> Directions: Here is the task for the records below: repeat exactly the lines from the one with "Шорти жіночі джинсові" to the one with "(44, Gold) Court", both included, and nothing else.
START Task inputs
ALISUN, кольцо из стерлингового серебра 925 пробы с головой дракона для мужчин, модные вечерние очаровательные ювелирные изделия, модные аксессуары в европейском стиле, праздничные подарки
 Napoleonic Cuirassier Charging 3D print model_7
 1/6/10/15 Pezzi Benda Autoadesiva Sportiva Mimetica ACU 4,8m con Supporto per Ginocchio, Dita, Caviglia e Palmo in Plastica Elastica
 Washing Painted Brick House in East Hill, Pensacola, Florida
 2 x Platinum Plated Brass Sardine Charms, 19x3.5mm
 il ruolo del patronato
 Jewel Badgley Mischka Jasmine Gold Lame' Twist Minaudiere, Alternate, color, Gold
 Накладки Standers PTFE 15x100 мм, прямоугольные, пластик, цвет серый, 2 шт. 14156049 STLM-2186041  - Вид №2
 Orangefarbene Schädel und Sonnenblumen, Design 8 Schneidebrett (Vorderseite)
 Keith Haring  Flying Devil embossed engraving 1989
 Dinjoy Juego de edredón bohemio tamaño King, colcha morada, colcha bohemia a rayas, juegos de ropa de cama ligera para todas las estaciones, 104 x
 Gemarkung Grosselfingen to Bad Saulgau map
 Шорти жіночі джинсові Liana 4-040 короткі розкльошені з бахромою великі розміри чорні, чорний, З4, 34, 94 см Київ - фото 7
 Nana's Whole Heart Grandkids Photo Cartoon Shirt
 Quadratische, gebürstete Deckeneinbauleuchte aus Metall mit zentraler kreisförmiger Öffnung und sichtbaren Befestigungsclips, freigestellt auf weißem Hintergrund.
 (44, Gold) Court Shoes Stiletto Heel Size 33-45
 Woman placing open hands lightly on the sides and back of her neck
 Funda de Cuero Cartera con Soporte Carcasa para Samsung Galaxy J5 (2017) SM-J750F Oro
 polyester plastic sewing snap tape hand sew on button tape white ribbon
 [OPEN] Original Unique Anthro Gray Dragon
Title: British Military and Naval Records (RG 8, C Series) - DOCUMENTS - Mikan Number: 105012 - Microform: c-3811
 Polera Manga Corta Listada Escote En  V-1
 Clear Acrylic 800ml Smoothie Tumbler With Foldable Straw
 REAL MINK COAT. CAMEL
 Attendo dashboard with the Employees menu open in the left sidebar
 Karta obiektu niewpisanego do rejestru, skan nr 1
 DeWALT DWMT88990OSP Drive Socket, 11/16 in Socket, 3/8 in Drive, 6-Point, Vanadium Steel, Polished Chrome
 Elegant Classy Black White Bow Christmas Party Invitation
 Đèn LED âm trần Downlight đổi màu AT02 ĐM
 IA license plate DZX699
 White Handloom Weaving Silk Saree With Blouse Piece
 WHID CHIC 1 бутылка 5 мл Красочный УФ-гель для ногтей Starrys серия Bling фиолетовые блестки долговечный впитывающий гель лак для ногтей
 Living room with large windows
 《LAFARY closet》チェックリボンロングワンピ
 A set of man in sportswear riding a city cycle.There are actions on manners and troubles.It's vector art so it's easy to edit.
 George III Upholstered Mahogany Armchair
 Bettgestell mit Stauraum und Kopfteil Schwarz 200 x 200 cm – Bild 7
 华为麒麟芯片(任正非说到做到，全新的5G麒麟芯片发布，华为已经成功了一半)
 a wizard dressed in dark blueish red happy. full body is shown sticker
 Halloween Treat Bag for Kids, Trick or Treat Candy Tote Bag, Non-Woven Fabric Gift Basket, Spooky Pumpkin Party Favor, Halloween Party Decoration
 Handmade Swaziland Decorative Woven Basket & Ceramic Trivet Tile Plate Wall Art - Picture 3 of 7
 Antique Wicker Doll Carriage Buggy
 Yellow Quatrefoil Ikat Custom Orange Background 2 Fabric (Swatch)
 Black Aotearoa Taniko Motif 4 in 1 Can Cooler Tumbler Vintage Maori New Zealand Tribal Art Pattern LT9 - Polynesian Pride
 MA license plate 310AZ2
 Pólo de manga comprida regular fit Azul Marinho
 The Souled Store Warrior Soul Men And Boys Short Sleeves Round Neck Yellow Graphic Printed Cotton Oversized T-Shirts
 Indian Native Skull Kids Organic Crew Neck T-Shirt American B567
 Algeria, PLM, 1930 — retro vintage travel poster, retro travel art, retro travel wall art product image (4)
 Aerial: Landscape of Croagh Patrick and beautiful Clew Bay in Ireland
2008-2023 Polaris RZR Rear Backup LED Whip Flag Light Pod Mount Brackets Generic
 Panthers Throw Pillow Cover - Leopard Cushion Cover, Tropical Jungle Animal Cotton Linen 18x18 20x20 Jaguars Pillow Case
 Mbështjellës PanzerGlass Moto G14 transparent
END Task inputs
> Solved exercise:
 Шорти жіночі джинсові Liana 4-040 короткі розкльошені з бахромою великі розміри чорні, чорний, З4, 34, 94 см Київ - фото 7
 Nana's Whole Heart Grandkids Photo Cartoon Shirt
 Quadratische, gebürstete Deckeneinbauleuchte aus Metall mit zentraler kreisförmiger Öffnung und sichtbaren Befestigungsclips, freigestellt auf weißem Hintergrund.
 (44, Gold) Court Shoes Stiletto Heel Size 33-45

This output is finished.